Around the identical time, Chicago blues guitar grasp Buddy Guy served up his personal stripped-back acoustic model of the Willie Dixon tune on the album Buddy And The Juniors (which was a collaboration with harmonica blower Junior Wells and pianist Junior Mance).
Also within the early 70s, proto-punks New York Dolls recorded a model of “Hoochie Coochie Man” (although it wasn’t launched till 1992), which was distinguished by Johnny Thunders’ thrashing energy chords and David Johansson’s stentorian vocals and wild harmonica.
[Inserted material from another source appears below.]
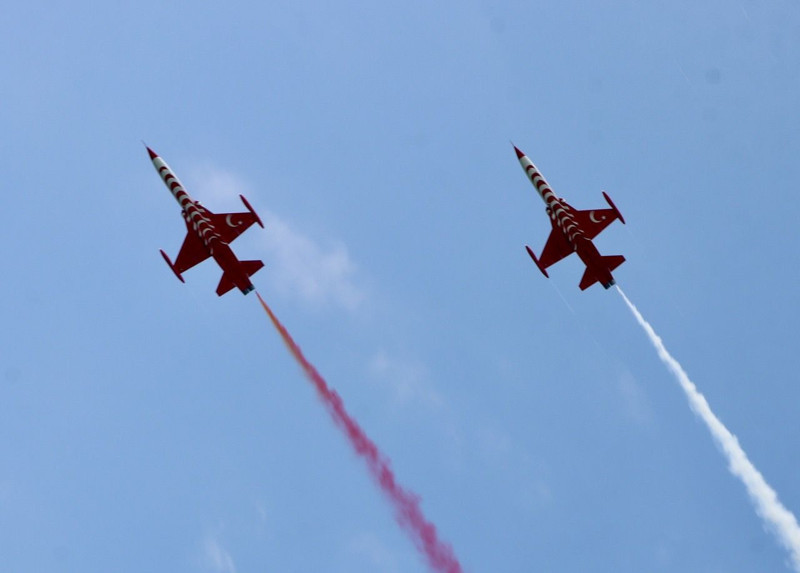 Trabzon semalarında görüntülendi - Resim: 5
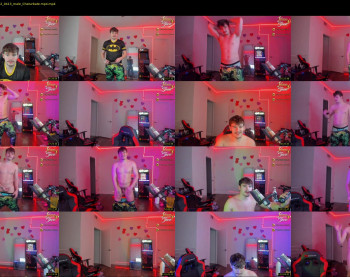 thejohnnystone — 93 minute Chaturbate male cam show recording, 720p, Feb 17, 2022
A distinct perspective of the tune was supplied by soulful New Orleans singer Skip Easterling, whose mellow model, with its dancing flute and comfortable horn elements, melds blues with jazz-infused funk.
Much, a lot heavier was rock trio Motörhead’s seismic rendition from 1983, the place Brian Robertson’s screaming axe counterpoints the late Lemmy Kilmister’s strangulated vocals.
In the 90s, notable variations have come from ex-Free and Bad Company singer Paul Rodgers; Eric Clapton, who determined to revisit his blues roots when he recorded “Hoochie Coochie Man” on his 1994 album From The Cradle; and Etta James, who recorded it beneath the title “Hoochie Coochie Gal,” in 1998.
In current years, there have been modern variations by the late blues rocker Jeff Healey and the large-lunged Karen Lovely (whose placing model was subtitled “Hoochie Coochie Woman”), whereas, in 2016, a beforehand unheard dwell model by blues aficionados The Doors, recorded 50 years earlier, surfaced for the primary time on the vinyl field set London Fog.
“Hoochie Coochie Man” has additionally been sampled within the hip-hop age – most notably by Big Daddy Kane, who borrowed a piece from Willie Dixon’s 1970 model of the tune for his observe “Somebody’s Been Sleeping In My Bed.” Elsewhere, Muddy Waters’ unique 45 was sampled by Spanish rappers Def Con Dos (on their 1993 observe “Toponoto Blues”) and Rapsusklei (on his 2010 tune “Nací Para”).
Well over half a century because it was first recorded, “Hoochie Coochie Man” exhibits no signal of dropping its recognition, and is rightly thought to be a serious constructing block in not solely blues, however rock and pop music as effectively.
Listen to the perfect of the blues on Spotify.